Vestibule, triangular area confined laterally between the labia minora, continued by the mucous membranes of the clitoris in front, urethral opening of 3-4 mm in diameter, situated 2-3 cm behind, and below that the vaginal orifice which adopts an oval shape during maternity, except in cases where there is still an incomplete mucosal septum inserted between vulvar and vaginal canals, called the hymen, it has a variable shape: semi-full moon shaped, round or lip shaped, where a perforation is found, which is barely 1 mm in width.

An imperforate hymen accumulates menstrual bleeding in the vaginal cavity or hematocolpos.

A complete congenital absence has also been described. En postparto, pueden persistir unos vestigios redondeados denominados carúnculas mirtiformes. After a woman gives birth, she may be left with remnants of the hymen, called carunculae myrtiformes.

Adjacent to the urethral orifice, there are two separate yuxtauretral drainage openings or Skene's glands which are considered rudimentary female prostate. Also on each side but posterior and lateral in position, are the Bartholin vestibular glands, 12-15 mm in length, lubricators during the sex life, and atrophic afterwards.

 In cases of infection or bartholinitis, they can be enlarged up to 5 cm.

Erectile bodies

(Capable of swelling or increase in volume)

The clitoris, homologous to the penis, attached by a suspensory ligament, but lacking corpus spongiosum and completely separate from the urethral orifice. Composed of a hidden portion, two roots or lateral halves inserted into pubic ischium branches, comparable to the corpus cavernosum of the penis, ascending and converging in the midline, ending in an open cylindrical portion, the extreme or glans

Its dimensions in repose according to Testut, although variable are: roots 30-35 mm, body 25-30 mm, and diameter of the glans 6-7 mm.
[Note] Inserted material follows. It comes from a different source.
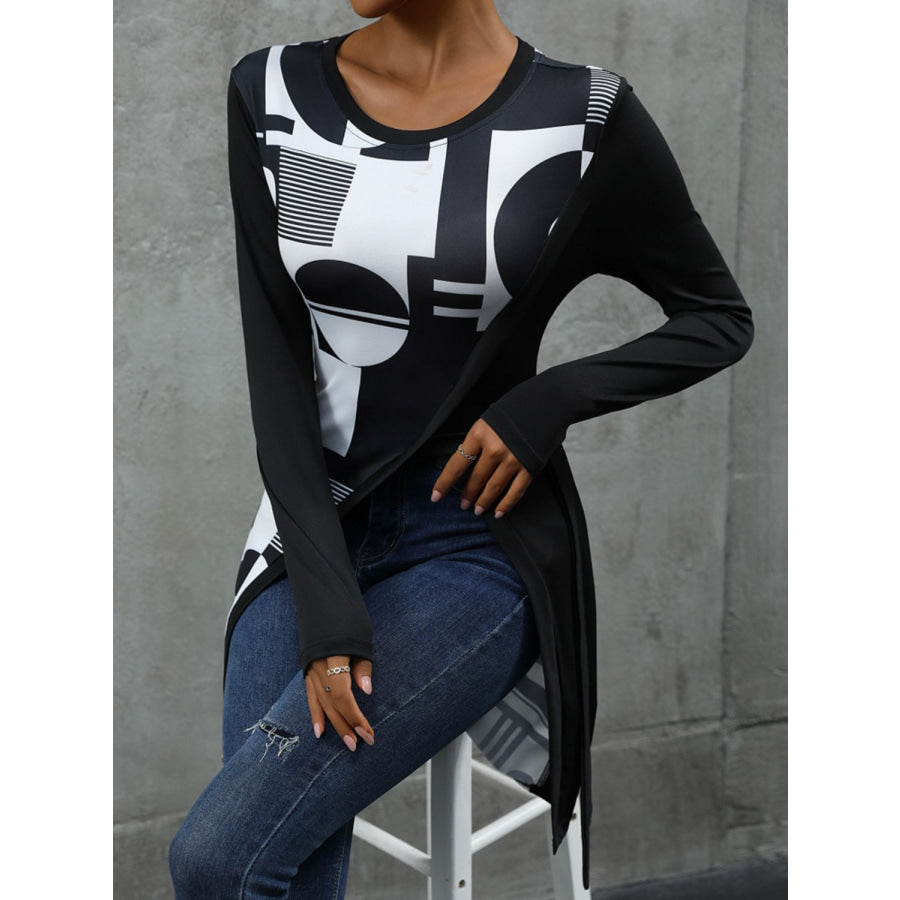 Geometric Round Neck Long Sleeve T-Shirt Apparel and Accessories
More recent studies, the first held with 200 women and the second with 50 women, expand the variability of the measurements to range from 3 to 10 mm

Vestibular or vaginal bulbs, two elliptical formations, beside the urethra and vaginal opening, homologous to the urethral bulb and corpus spongiosum counterparts in men, covered by vulvar constrictor muscle fibers lateral, beside the vaginal orifice, with normal dimensions: length 30-35 mm, width 12 -15 mm and 8-10 mm thickness, interconnected by veins to the glans, or clitoris

Among the muscles of the perineum (the set of soft parts which close the pelvis, traversed by rectum, urethra and genitals) anterior or genital, which contribute particularly to sexual function are: ischiocavernosus, or isquioclitorídeo, with an oblique direction going forward, is inserted into the root of the clitoris, with double action: it causes a drop and application of the clitoral glans over the bask side of the penis, and compresses the corpus cavernosum of the clitoris.
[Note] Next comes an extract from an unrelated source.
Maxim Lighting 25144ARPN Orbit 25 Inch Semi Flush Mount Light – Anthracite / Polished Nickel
The bulbocavernosus muscle surrounds the orifices of the vagina and urethra, with a double arch formation of average concavity, with multiple functions: it erects when the dorsal vein of the clitoris is compressed, and it is also mobile, descending to touch the penis, it compresses the vaginal bulb and pushes blood to the vestibule, draining the Bartholin gland, and it is a superficial constrictor for the inferior vaginal orifice, applying pressure to the penis. Spasmodic contraction is known as vaginismus.